> _DIRECTIONS FOR THIS TASK_: Quote, without any change, the line that contains "Singkirkan Iga Swiatek, Elena" and all lines that follow it to the end of the data below.

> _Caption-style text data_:
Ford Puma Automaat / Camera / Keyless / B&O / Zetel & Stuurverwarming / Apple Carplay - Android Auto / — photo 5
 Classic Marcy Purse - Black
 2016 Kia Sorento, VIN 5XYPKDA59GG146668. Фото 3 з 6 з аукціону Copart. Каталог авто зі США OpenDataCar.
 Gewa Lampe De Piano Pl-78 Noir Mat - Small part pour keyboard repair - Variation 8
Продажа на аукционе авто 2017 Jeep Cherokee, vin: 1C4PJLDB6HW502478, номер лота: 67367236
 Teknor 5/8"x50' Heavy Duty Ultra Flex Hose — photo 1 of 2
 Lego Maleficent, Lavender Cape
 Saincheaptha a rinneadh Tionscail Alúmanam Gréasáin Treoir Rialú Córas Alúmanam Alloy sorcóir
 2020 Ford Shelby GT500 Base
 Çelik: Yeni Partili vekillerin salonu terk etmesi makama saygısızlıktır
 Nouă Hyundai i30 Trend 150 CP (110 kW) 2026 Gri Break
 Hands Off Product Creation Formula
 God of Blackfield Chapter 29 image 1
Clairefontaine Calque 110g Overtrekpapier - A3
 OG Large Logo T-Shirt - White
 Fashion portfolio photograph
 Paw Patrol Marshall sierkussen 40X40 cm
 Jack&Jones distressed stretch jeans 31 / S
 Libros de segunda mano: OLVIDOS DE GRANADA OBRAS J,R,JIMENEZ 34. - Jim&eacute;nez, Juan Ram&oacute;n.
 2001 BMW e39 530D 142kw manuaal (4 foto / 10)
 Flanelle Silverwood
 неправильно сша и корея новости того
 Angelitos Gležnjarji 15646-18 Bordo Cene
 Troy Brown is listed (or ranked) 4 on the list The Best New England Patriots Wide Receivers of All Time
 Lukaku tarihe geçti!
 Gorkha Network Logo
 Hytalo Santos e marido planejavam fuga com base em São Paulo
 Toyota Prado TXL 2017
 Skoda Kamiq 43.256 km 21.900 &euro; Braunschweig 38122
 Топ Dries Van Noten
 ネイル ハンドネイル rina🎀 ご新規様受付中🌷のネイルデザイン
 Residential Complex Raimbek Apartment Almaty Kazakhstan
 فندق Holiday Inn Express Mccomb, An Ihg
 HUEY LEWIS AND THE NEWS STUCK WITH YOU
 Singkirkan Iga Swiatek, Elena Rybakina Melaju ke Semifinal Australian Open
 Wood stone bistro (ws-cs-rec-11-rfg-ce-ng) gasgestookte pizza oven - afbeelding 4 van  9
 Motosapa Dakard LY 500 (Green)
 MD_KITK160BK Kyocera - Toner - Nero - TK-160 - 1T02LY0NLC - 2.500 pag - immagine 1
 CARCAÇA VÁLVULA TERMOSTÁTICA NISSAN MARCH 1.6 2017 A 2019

> _SOLUTION_:
 Singkirkan Iga Swiatek, Elena Rybakina Melaju ke Semifinal Australian Open
 Wood stone bistro (ws-cs-rec-11-rfg-ce-ng) gasgestookte pizza oven - afbeelding 4 van  9
 Motosapa Dakard LY 500 (Green)
 MD_KITK160BK Kyocera - Toner - Nero - TK-160 - 1T02LY0NLC - 2.500 pag - immagine 1
 CARCAÇA VÁLVULA TERMOSTÁTICA NISSAN MARCH 1.6 2017 A 2019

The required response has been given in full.